-- EXTRACTED ENTRIES follows --
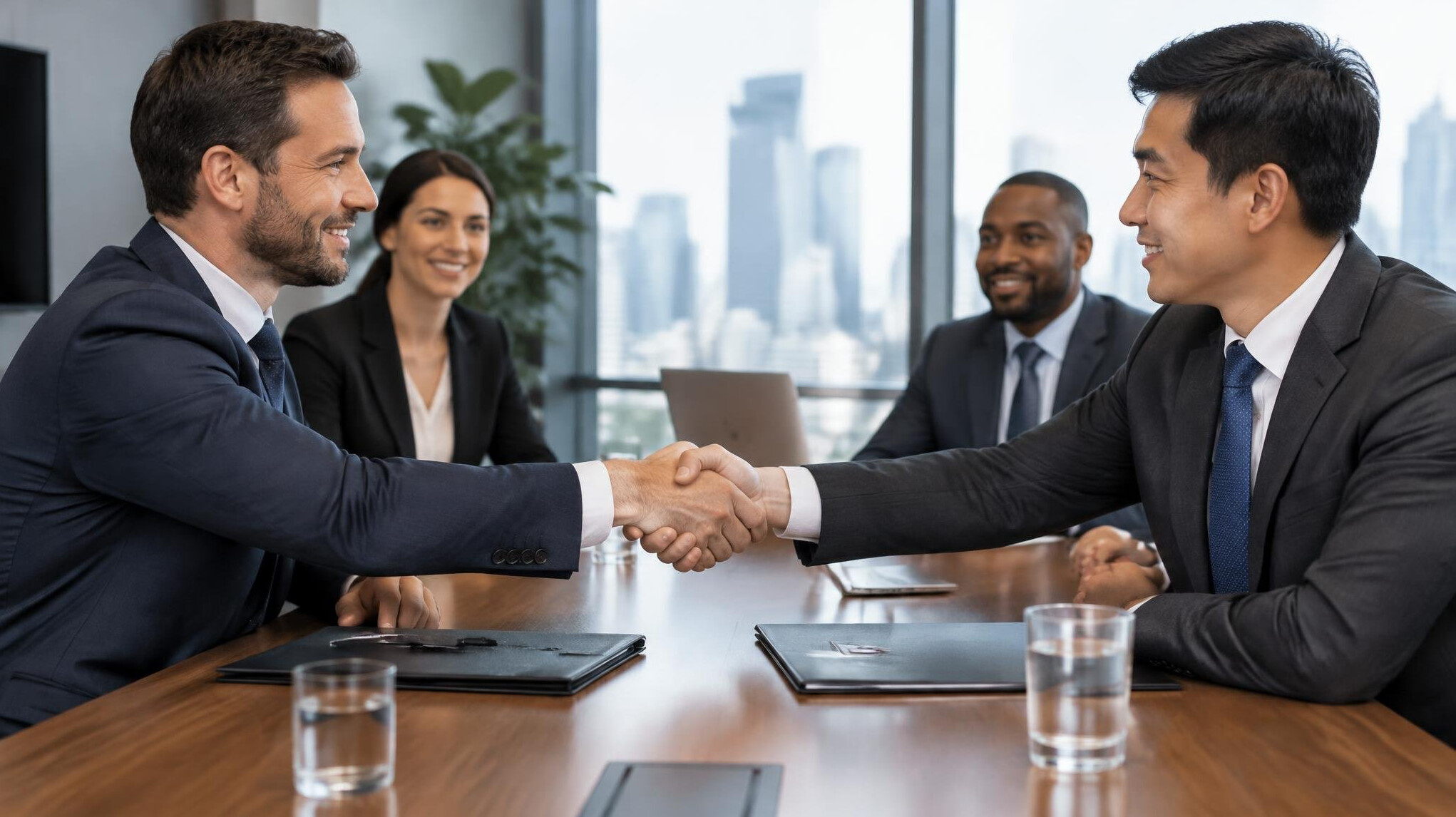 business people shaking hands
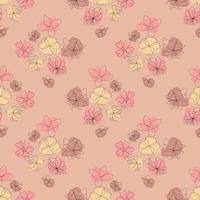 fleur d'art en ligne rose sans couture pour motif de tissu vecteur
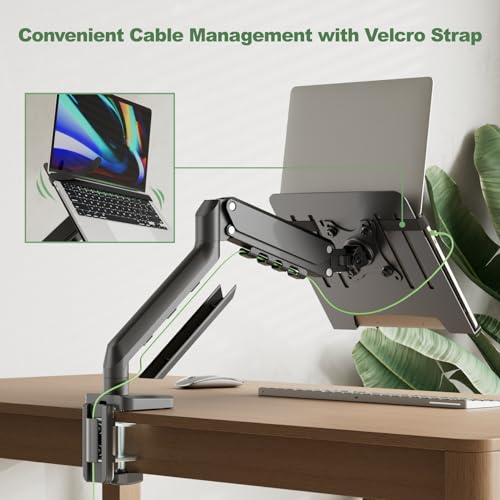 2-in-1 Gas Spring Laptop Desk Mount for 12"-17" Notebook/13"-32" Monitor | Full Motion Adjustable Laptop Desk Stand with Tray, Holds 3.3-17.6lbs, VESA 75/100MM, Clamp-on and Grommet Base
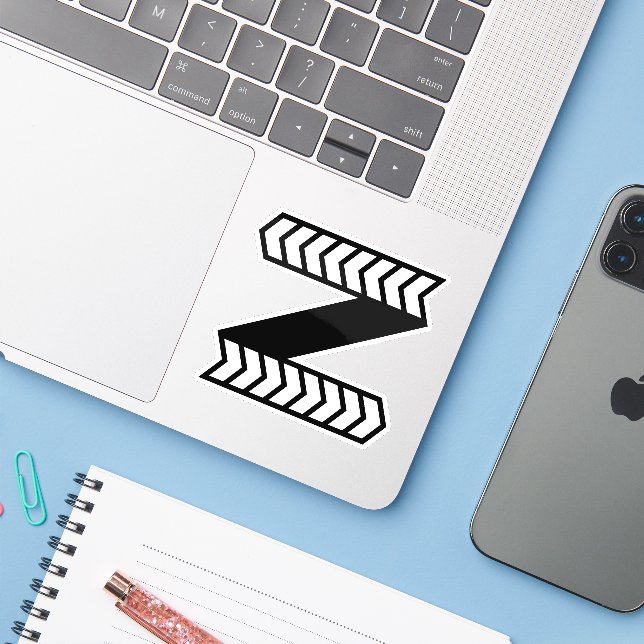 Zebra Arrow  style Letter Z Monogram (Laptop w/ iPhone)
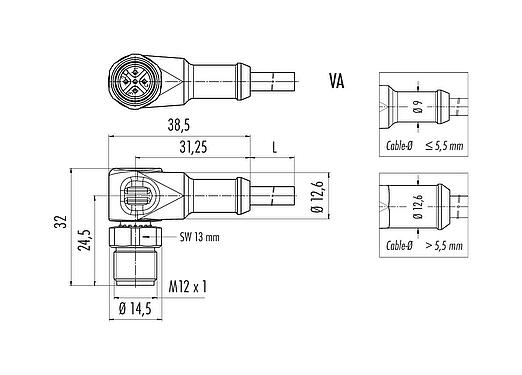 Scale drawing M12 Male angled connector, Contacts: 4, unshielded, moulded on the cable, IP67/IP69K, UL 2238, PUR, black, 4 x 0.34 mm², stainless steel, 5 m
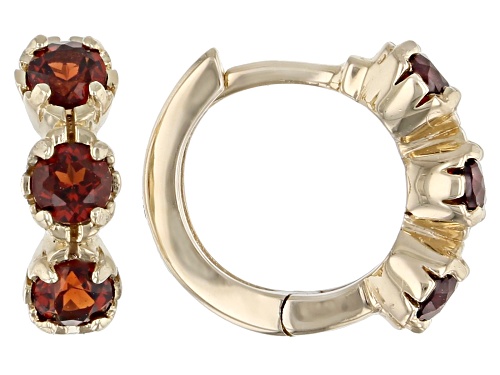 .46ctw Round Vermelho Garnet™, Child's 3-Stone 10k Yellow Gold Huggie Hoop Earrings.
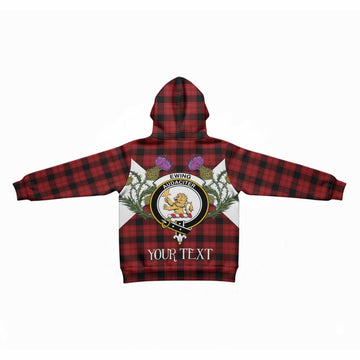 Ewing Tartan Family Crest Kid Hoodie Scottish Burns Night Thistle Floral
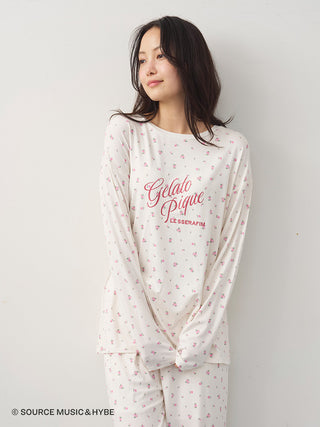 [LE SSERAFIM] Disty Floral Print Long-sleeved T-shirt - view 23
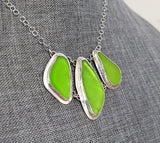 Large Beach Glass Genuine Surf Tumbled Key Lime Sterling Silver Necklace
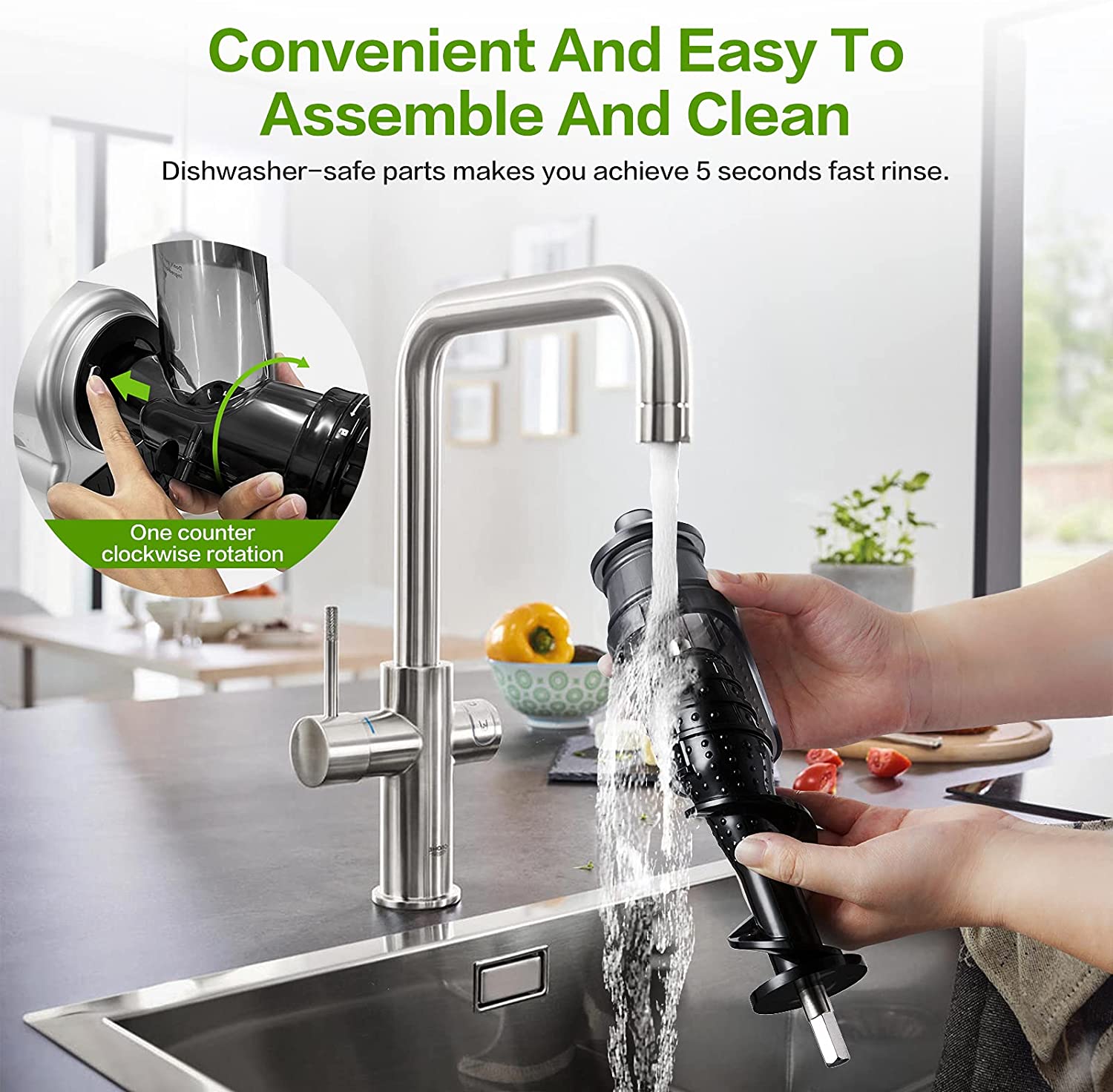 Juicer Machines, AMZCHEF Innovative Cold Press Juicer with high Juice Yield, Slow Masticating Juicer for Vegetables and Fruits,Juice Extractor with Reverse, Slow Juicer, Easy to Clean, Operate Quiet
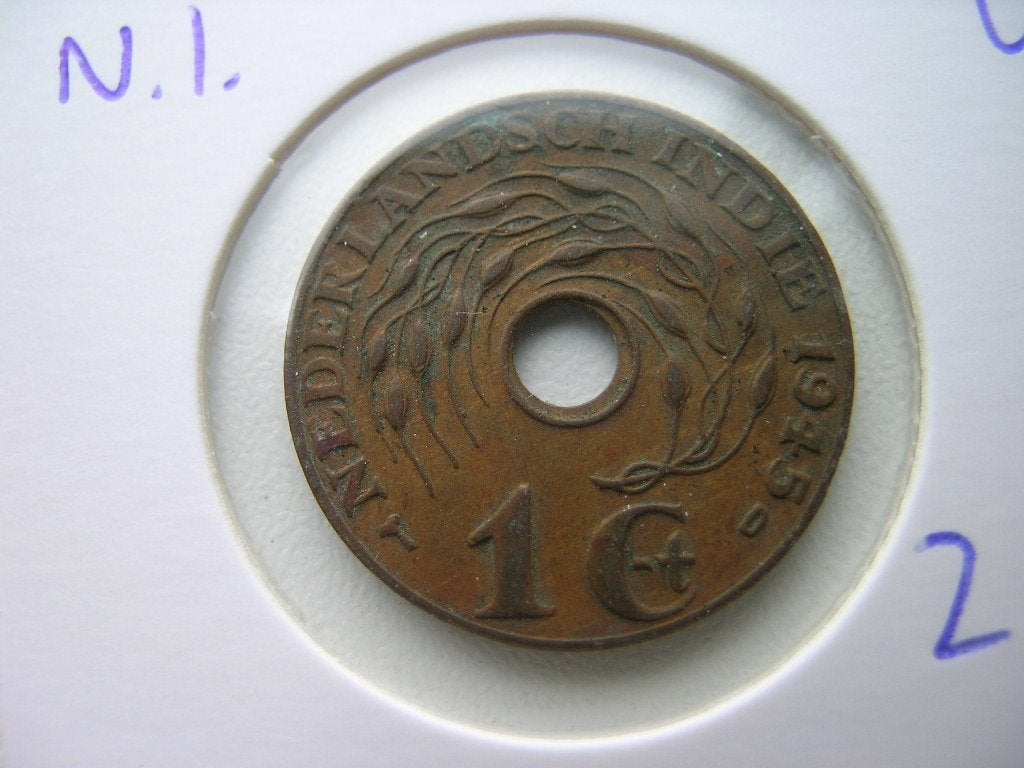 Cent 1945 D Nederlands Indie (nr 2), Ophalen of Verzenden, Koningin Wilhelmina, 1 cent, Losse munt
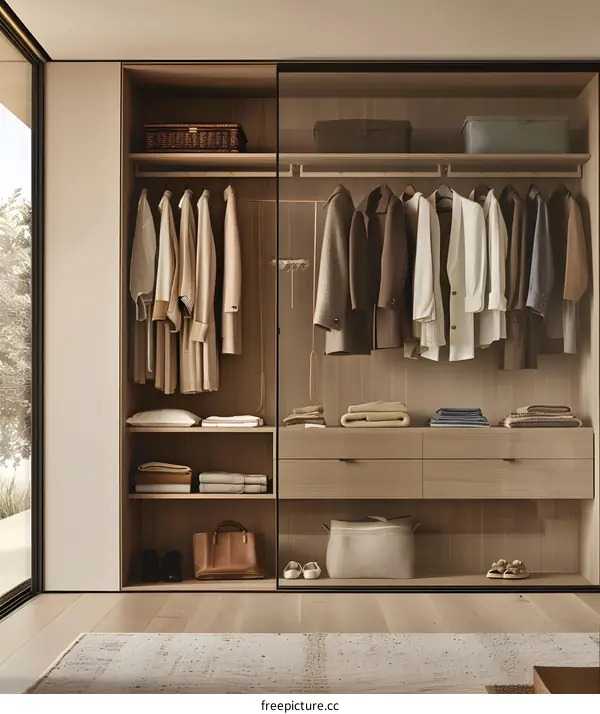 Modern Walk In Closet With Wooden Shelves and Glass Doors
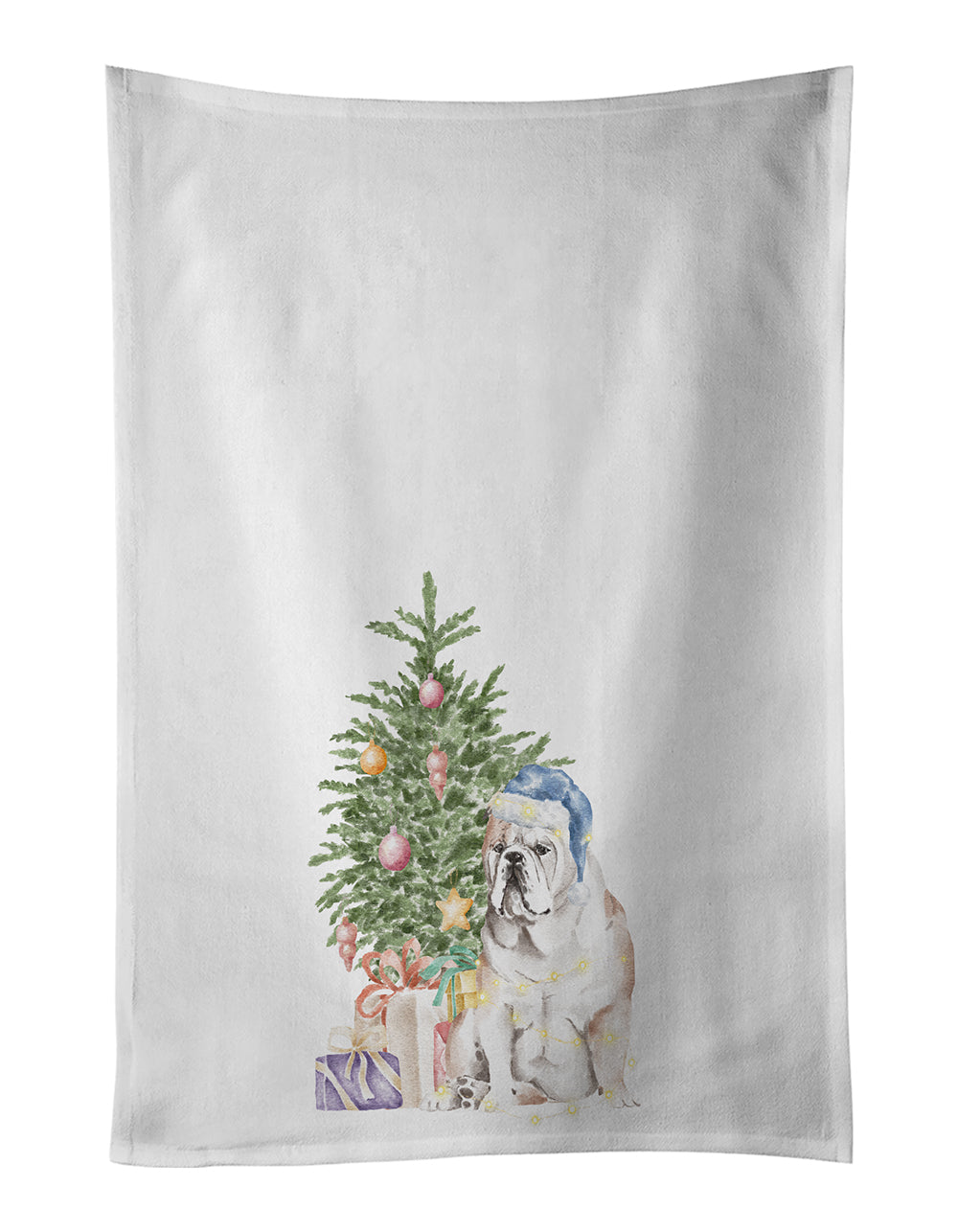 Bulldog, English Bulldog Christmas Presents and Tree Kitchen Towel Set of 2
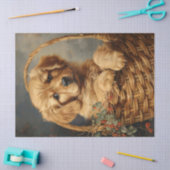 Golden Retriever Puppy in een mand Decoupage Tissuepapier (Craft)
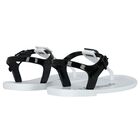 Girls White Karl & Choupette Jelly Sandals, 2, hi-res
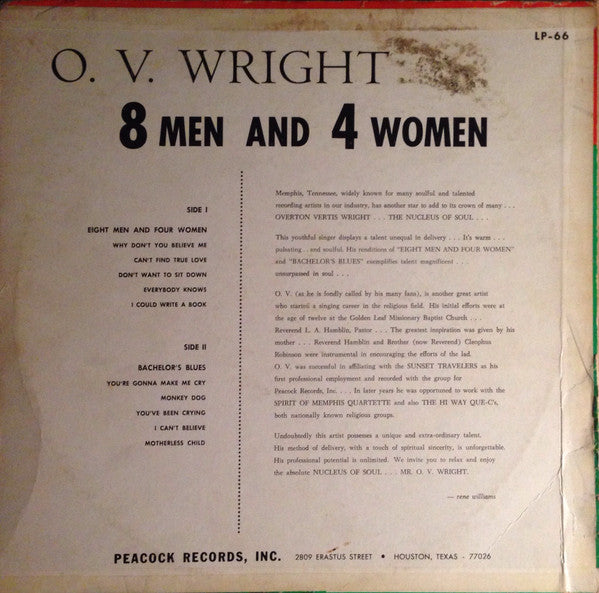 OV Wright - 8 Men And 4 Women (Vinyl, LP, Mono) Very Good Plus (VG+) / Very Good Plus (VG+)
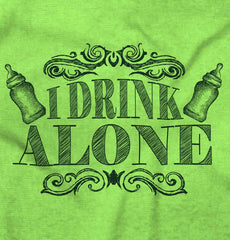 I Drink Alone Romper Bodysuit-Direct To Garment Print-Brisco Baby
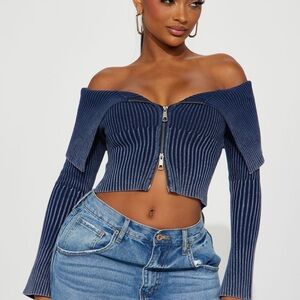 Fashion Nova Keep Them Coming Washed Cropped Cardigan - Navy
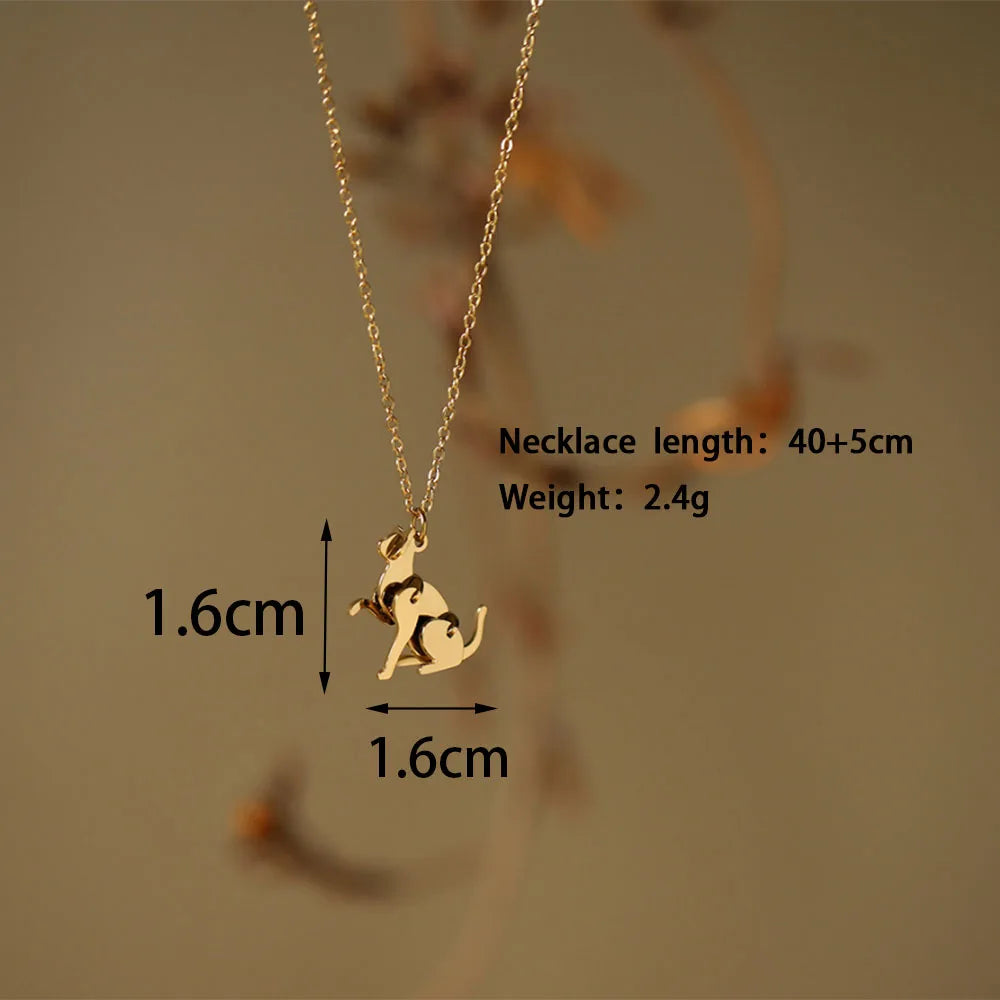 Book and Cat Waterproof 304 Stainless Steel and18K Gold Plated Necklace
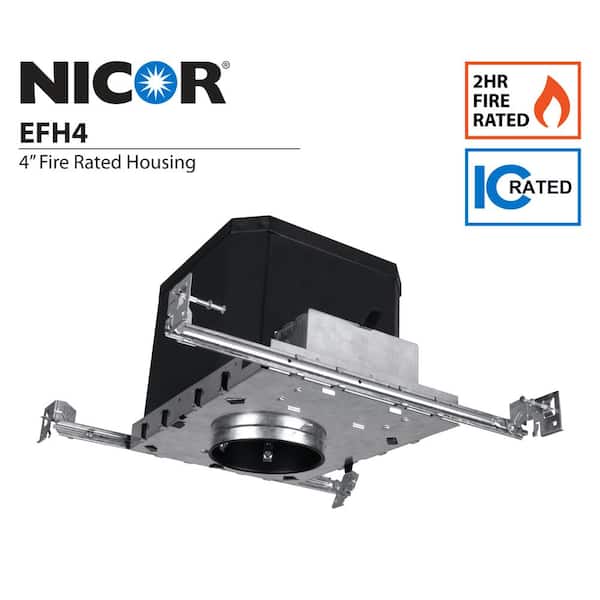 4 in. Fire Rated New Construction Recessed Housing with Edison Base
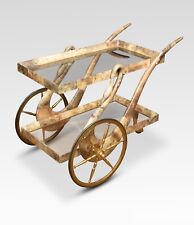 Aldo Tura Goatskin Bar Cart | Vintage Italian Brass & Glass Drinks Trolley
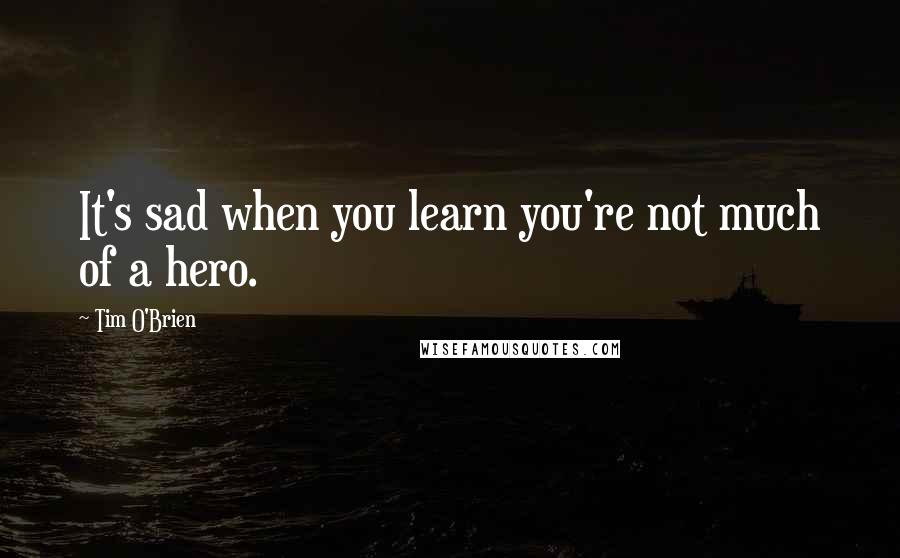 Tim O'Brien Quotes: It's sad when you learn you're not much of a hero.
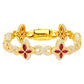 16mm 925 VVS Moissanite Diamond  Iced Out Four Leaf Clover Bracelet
-- EXTRACTED ENTRIES concluded --
### [TO DO]
The required output is every line from the beginning of the material above through the line with "I Drink Alone", exact and without pictures.

### [EXERCISE RESULT]
 business people shaking hands
 fleur d'art en ligne rose sans couture pour motif de tissu vecteur
 2-in-1 Gas Spring Laptop Desk Mount for 12"-17" Notebook/13"-32" Monitor | Full Motion Adjustable Laptop Desk Stand with Tray, Holds 3.3-17.6lbs, VESA 75/100MM, Clamp-on and Grommet Base
 Zebra Arrow  style Letter Z Monogram (Laptop w/ iPhone)
 Scale drawing M12 Male angled connector, Contacts: 4, unshielded, moulded on the cable, IP67/IP69K, UL 2238, PUR, black, 4 x 0.34 mm², stainless steel, 5 m
 .46ctw Round Vermelho Garnet™, Child's 3-Stone 10k Yellow Gold Huggie Hoop Earrings.
 Ewing Tartan Family Crest Kid Hoodie Scottish Burns Night Thistle Floral
 [LE SSERAFIM] Disty Floral Print Long-sleeved T-shirt - view 23
 Large Beach Glass Genuine Surf Tumbled Key Lime Sterling Silver Necklace
 Juicer Machines, AMZCHEF Innovative Cold Press Juicer with high Juice Yield, Slow Masticating Juicer for Vegetables and Fruits,Juice Extractor with Reverse, Slow Juicer, Easy to Clean, Operate Quiet
 Cent 1945 D Nederlands Indie (nr 2), Ophalen of Verzenden, Koningin Wilhelmina, 1 cent, Losse munt
 Modern Walk In Closet With Wooden Shelves and Glass Doors
 Bulldog, English Bulldog Christmas Presents and Tree Kitchen Towel Set of 2
 Golden Retriever Puppy in een mand Decoupage Tissuepapier (Craft)
 Girls White Karl & Choupette Jelly Sandals, 2, hi-res
 OV Wright - 8 Men And 4 Women (Vinyl, LP, Mono) Very Good Plus (VG+) / Very Good Plus (VG+)
 I Drink Alone Romper Bodysuit-Direct To Garment Print-Brisco Baby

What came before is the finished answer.